▼

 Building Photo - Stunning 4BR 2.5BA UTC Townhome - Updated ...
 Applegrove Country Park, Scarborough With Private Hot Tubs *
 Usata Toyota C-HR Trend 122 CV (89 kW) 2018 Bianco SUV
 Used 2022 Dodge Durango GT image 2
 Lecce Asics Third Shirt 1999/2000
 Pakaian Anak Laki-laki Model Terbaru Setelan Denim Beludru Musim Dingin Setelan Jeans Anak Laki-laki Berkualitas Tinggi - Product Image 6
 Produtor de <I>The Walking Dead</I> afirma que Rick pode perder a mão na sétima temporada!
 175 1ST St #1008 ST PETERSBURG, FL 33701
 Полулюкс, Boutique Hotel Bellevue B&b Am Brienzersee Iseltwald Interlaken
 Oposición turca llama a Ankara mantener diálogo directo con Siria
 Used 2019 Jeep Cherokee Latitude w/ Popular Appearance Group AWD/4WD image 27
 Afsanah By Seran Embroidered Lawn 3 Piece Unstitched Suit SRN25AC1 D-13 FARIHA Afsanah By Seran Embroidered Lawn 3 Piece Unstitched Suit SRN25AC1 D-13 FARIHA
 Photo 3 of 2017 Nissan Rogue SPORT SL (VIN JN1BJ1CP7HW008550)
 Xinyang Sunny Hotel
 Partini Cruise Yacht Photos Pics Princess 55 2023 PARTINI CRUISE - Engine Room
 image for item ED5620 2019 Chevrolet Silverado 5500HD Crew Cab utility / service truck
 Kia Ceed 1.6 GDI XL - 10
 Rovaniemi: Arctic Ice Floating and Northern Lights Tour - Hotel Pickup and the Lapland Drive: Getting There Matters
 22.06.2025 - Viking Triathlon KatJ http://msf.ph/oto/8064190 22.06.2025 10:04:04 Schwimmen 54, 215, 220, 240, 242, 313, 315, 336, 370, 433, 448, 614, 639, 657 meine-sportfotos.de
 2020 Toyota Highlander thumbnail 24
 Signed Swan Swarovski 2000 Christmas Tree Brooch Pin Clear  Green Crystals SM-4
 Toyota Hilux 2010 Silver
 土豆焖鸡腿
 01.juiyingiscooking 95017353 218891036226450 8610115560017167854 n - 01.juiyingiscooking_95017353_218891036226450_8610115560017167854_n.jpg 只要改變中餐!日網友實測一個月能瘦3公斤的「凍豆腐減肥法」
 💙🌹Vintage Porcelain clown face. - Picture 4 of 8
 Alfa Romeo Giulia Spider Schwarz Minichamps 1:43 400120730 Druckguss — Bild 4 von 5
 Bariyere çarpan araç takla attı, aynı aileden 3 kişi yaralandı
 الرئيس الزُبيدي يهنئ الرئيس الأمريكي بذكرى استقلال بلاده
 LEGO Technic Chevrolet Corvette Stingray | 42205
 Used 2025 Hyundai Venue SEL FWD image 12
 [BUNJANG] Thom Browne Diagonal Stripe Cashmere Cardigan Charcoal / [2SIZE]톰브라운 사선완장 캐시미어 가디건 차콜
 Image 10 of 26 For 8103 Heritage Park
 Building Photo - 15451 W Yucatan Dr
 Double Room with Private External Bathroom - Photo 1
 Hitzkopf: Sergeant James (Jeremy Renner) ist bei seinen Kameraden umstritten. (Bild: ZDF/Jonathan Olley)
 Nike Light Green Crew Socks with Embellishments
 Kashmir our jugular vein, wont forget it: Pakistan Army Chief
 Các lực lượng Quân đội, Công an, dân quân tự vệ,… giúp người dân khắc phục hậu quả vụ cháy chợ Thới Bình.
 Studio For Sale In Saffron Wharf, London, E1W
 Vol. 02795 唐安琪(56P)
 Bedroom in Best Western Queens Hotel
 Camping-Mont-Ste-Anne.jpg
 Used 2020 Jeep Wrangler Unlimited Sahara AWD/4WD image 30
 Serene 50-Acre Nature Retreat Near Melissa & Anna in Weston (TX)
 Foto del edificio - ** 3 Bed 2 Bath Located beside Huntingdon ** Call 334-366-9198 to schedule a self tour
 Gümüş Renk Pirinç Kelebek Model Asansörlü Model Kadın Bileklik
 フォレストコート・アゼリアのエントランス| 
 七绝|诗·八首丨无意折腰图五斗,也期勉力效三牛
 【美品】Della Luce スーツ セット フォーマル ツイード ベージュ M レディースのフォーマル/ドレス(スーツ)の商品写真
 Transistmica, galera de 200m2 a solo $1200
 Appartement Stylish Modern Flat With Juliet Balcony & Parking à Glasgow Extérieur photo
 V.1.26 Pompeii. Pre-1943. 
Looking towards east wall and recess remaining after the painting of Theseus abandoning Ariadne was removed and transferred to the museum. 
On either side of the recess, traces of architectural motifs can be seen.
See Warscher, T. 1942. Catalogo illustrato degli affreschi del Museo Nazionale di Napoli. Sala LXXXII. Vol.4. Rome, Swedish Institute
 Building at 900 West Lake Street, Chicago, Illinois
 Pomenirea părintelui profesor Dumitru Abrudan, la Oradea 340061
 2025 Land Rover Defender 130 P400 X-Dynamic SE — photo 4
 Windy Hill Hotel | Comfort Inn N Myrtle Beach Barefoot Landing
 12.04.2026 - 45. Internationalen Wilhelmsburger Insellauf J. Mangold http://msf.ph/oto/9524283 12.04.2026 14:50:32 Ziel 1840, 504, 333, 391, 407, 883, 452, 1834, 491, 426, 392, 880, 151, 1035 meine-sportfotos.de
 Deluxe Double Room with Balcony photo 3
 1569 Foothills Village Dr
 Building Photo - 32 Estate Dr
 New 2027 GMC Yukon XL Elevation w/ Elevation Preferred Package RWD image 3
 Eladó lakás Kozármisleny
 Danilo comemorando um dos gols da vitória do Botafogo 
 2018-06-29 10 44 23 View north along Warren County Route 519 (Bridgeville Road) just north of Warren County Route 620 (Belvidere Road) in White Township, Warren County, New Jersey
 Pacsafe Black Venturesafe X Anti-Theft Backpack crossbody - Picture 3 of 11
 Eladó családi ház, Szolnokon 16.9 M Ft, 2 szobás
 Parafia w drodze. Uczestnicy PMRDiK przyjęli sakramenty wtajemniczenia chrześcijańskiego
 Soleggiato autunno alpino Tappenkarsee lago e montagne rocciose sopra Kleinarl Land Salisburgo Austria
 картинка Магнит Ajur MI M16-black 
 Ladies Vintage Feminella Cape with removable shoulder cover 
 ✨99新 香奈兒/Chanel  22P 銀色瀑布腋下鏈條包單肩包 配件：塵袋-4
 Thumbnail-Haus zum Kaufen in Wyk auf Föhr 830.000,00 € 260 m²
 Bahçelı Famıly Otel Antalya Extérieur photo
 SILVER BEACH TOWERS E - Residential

▲

* **Brief**
Only one part of the material above is to be transcribed, namely the lines starting with the line that has "Gümüş Renk Pirinç" and going on through the line that has "22P 銀色瀑布腋下鏈條包單肩包 配件：塵袋-4", exactly as they stand.

* **Result for this exercise**
 Gümüş Renk Pirinç Kelebek Model Asansörlü Model Kadın Bileklik
 フォレストコート・アゼリアのエントランス| 
 七绝|诗·八首丨无意折腰图五斗,也期勉力效三牛
 【美品】Della Luce スーツ セット フォーマル ツイード ベージュ M レディースのフォーマル/ドレス(スーツ)の商品写真
 Transistmica, galera de 200m2 a solo $1200
 Appartement Stylish Modern Flat With Juliet Balcony & Parking à Glasgow Extérieur photo
 V.1.26 Pompeii. Pre-1943. 
Looking towards east wall and recess remaining after the painting of Theseus abandoning Ariadne was removed and transferred to the museum. 
On either side of the recess, traces of architectural motifs can be seen.
See Warscher, T. 1942. Catalogo illustrato degli affreschi del Museo Nazionale di Napoli. Sala LXXXII. Vol.4. Rome, Swedish Institute
 Building at 900 West Lake Street, Chicago, Illinois
 Pomenirea părintelui profesor Dumitru Abrudan, la Oradea 340061
 2025 Land Rover Defender 130 P400 X-Dynamic SE — photo 4
 Windy Hill Hotel | Comfort Inn N Myrtle Beach Barefoot Landing
 12.04.2026 - 45. Internationalen Wilhelmsburger Insellauf J. Mangold http://msf.ph/oto/9524283 12.04.2026 14:50:32 Ziel 1840, 504, 333, 391, 407, 883, 452, 1834, 491, 426, 392, 880, 151, 1035 meine-sportfotos.de
 Deluxe Double Room with Balcony photo 3
 1569 Foothills Village Dr
 Building Photo - 32 Estate Dr
 New 2027 GMC Yukon XL Elevation w/ Elevation Preferred Package RWD image 3
 Eladó lakás Kozármisleny
 Danilo comemorando um dos gols da vitória do Botafogo 
 2018-06-29 10 44 23 View north along Warren County Route 519 (Bridgeville Road) just north of Warren County Route 620 (Belvidere Road) in White Township, Warren County, New Jersey
 Pacsafe Black Venturesafe X Anti-Theft Backpack crossbody - Picture 3 of 11
 Eladó családi ház, Szolnokon 16.9 M Ft, 2 szobás
 Parafia w drodze. Uczestnicy PMRDiK przyjęli sakramenty wtajemniczenia chrześcijańskiego
 Soleggiato autunno alpino Tappenkarsee lago e montagne rocciose sopra Kleinarl Land Salisburgo Austria
 картинка Магнит Ajur MI M16-black 
 Ladies Vintage Feminella Cape with removable shoulder cover 
 ✨99新 香奈兒/Chanel  22P 銀色瀑布腋下鏈條包單肩包 配件：塵袋-4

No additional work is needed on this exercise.